The cryptocurrency plan has garnered a huge amount of criticism in the U.S., Europe, and farther afield. This is because of the private currency’s potential to be able to move global financial markets if it is widely adopted internationally. It is also because of Facebook’s atrocious reputation on protecting users’ data privacy.

Reports citing anonymous sources said on October 2 that Mastercard and Visa are also considering dropping out.

PayPal plays nice

“PayPal has made the decision to forgo further participation in the Libra Association at this time,” Amanda Miller, PayPal’s senior director, corporate communications, told Modern Consensus in an emailed statement.

Calling Facebook “a longstanding and valued strategic partner,” Miller’s statement also left the door open for PayPal to rejoin the group.

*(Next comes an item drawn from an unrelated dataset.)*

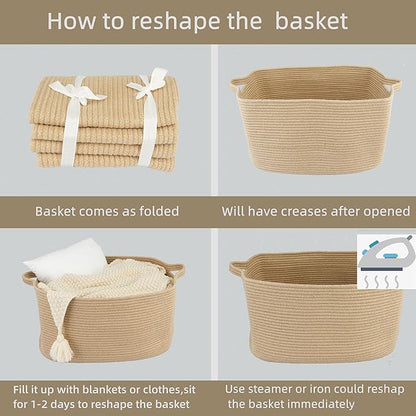 Large Rectangle Blankets Basket Living Room 22"x17"x12" Woven Jute Rope Storage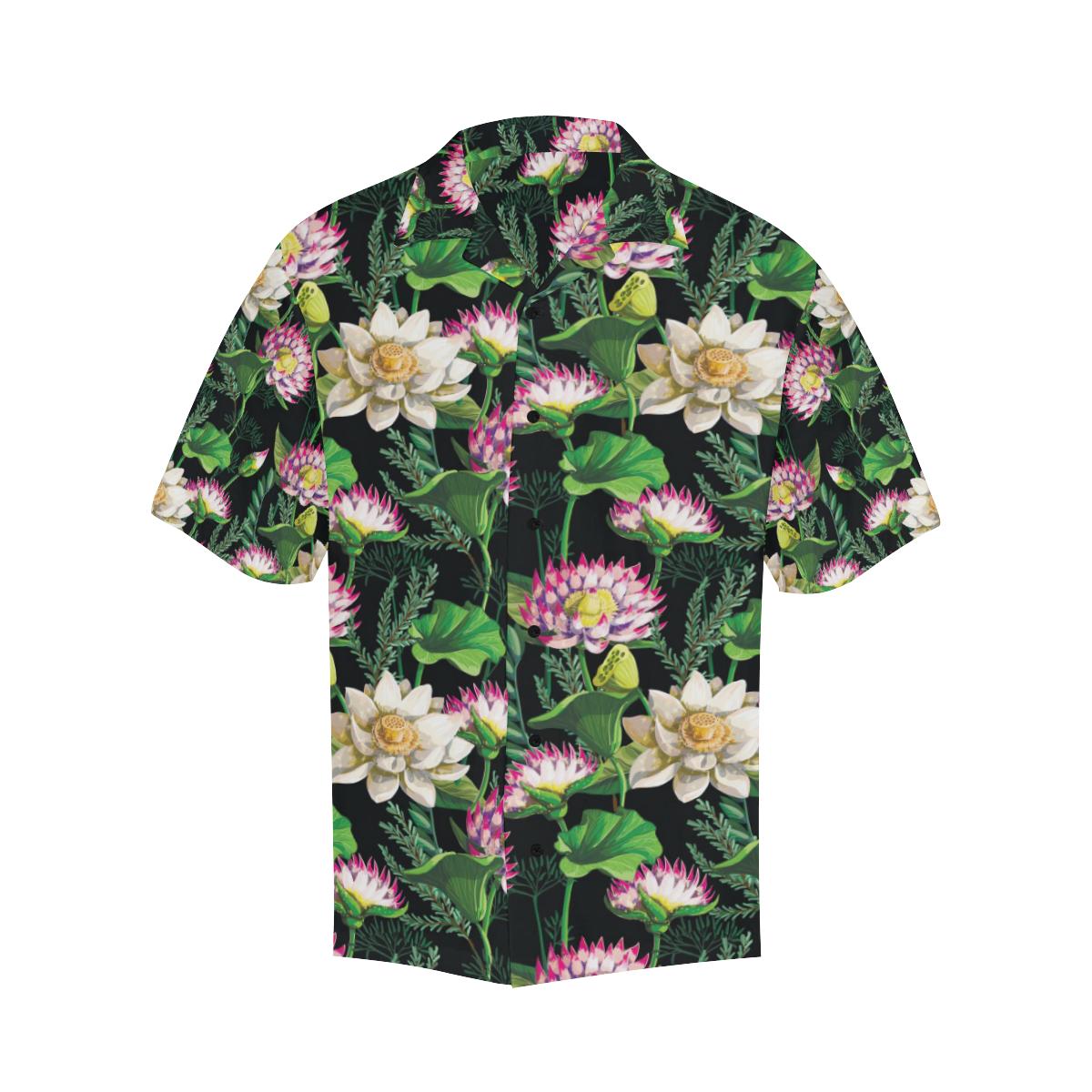 Water Lily Pattern Print Design WL010 Men Hawaiian Shirt-JorJune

The company “remain[s] supportive of Libra’s aspirations and look[s] forward to continued dialogue on ways to work together in the future,” she noted.

She added that PayPal intends to continue focusing on its “existing mission” and will “strive to democratize access to financial services for underserved populations.”

Lofty public goals

That latter group is a key focus of the stablecoin, the Libra Association claims.

Libra is “[t]he type of change that will reconfigure the financial system to be tilted towards people, not the institutions serving them,” Disparte said.

“That is a journey, not a destination,” Disparte told Modern Consensus in an email before PayPal announced its withdrawal. “[E]ach organization that started this journey will have to make its own assessment of the risks and rewards of being committed to seeing through the change that Libra promises.”

He added that the association’s goal was nothing less than “[b]uilding a modern, low-friction, high-security payment network that can empower billions of financially underserved people.”

The third paragraph in the Libra whitepaper points to the unbanked poor as a key market.

Noting that high-tech communications are now accessible on a $40 smartphone, the whitepaper said, “[t]his connectivity has driven economic empowerment by enabling more people to access the financial ecosystem… Despite this progress, large swaths of the world’s population are still left behind—1.7 billion adults globally remain outside of the financial system with no access to a traditional bank, even though one billion have a mobile phone and nearly half a billion have internet access.”

This story was updated on October 4 at 7:50 p.m. to include the Libra Association’s response to PayPal’s withdrawal.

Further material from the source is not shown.